▶
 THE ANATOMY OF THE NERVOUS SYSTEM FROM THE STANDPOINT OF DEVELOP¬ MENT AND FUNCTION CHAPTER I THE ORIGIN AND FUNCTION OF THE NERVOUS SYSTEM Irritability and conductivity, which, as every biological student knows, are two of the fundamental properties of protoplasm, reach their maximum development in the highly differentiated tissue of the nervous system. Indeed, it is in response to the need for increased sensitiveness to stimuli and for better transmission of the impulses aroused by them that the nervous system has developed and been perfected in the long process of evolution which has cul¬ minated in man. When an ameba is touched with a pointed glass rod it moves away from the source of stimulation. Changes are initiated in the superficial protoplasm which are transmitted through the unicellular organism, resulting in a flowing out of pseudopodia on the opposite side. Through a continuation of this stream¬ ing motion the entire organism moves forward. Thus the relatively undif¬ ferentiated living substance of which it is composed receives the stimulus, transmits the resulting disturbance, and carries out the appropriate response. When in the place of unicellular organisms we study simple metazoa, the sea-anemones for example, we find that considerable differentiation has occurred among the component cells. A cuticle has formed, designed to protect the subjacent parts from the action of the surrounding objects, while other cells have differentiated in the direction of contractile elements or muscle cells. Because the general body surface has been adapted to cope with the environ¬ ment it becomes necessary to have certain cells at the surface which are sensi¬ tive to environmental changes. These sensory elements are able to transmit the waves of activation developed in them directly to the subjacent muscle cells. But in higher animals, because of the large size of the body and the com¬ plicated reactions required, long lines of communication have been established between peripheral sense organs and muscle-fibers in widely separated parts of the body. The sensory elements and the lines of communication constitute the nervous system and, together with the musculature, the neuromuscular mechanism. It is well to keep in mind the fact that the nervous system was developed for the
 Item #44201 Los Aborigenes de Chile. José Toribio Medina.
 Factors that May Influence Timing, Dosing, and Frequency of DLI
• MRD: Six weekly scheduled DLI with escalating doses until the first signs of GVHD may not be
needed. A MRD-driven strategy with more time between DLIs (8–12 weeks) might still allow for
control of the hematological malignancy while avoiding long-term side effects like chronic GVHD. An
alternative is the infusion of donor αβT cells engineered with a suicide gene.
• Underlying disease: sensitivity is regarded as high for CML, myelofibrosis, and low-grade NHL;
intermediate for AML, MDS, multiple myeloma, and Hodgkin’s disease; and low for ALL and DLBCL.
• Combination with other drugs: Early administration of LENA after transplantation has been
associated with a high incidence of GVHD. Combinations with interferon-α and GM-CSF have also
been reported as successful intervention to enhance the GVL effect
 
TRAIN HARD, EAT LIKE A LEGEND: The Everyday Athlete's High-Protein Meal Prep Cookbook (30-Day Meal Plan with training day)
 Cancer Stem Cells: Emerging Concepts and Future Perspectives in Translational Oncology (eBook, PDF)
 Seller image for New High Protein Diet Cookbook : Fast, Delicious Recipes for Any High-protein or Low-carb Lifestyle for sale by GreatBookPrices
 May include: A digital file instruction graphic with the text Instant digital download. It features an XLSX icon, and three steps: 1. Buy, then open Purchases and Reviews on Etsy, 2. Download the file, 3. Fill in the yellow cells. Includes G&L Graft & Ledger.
◀
* **Prompt**
Each line above is to be reproduced exactly.

* **Result of this exercise**
 THE ANATOMY OF THE NERVOUS SYSTEM FROM THE STANDPOINT OF DEVELOP¬ MENT AND FUNCTION CHAPTER I THE ORIGIN AND FUNCTION OF THE NERVOUS SYSTEM Irritability and conductivity, which, as every biological student knows, are two of the fundamental properties of protoplasm, reach their maximum development in the highly differentiated tissue of the nervous system. Indeed, it is in response to the need for increased sensitiveness to stimuli and for better transmission of the impulses aroused by them that the nervous system has developed and been perfected in the long process of evolution which has cul¬ minated in man. When an ameba is touched with a pointed glass rod it moves away from the source of stimulation. Changes are initiated in the superficial protoplasm which are transmitted through the unicellular organism, resulting in a flowing out of pseudopodia on the opposite side. Through a continuation of this stream¬ ing motion the entire organism moves forward. Thus the relatively undif¬ ferentiated living substance of which it is composed receives the stimulus, transmits the resulting disturbance, and carries out the appropriate response. When in the place of unicellular organisms we study simple metazoa, the sea-anemones for example, we find that considerable differentiation has occurred among the component cells. A cuticle has formed, designed to protect the subjacent parts from the action of the surrounding objects, while other cells have differentiated in the direction of contractile elements or muscle cells. Because the general body surface has been adapted to cope with the environ¬ ment it becomes necessary to have certain cells at the surface which are sensi¬ tive to environmental changes. These sensory elements are able to transmit the waves of activation developed in them directly to the subjacent muscle cells. But in higher animals, because of the large size of the body and the com¬ plicated reactions required, long lines of communication have been established between peripheral sense organs and muscle-fibers in widely separated parts of the body. The sensory elements and the lines of communication constitute the nervous system and, together with the musculature, the neuromuscular mechanism. It is well to keep in mind the fact that the nervous system was developed for the
 Item #44201 Los Aborigenes de Chile. José Toribio Medina.
 Factors that May Influence Timing, Dosing, and Frequency of DLI
• MRD: Six weekly scheduled DLI with escalating doses until the first signs of GVHD may not be
needed. A MRD-driven strategy with more time between DLIs (8–12 weeks) might still allow for
control of the hematological malignancy while avoiding long-term side effects like chronic GVHD. An
alternative is the infusion of donor αβT cells engineered with a suicide gene.
• Underlying disease: sensitivity is regarded as high for CML, myelofibrosis, and low-grade NHL;
intermediate for AML, MDS, multiple myeloma, and Hodgkin’s disease; and low for ALL and DLBCL.
• Combination with other drugs: Early administration of LENA after transplantation has been
associated with a high incidence of GVHD. Combinations with interferon-α and GM-CSF have also
been reported as successful intervention to enhance the GVL effect
 
TRAIN HARD, EAT LIKE A LEGEND: The Everyday Athlete's High-Protein Meal Prep Cookbook (30-Day Meal Plan with training day)
 Cancer Stem Cells: Emerging Concepts and Future Perspectives in Translational Oncology (eBook, PDF)
 Seller image for New High Protein Diet Cookbook : Fast, Delicious Recipes for Any High-protein or Low-carb Lifestyle for sale by GreatBookPrices
 May include: A digital file instruction graphic with the text Instant digital download. It features an XLSX icon, and three steps: 1. Buy, then open Purchases and Reviews on Etsy, 2. Download the file, 3. Fill in the yellow cells. Includes G&L Graft & Ledger.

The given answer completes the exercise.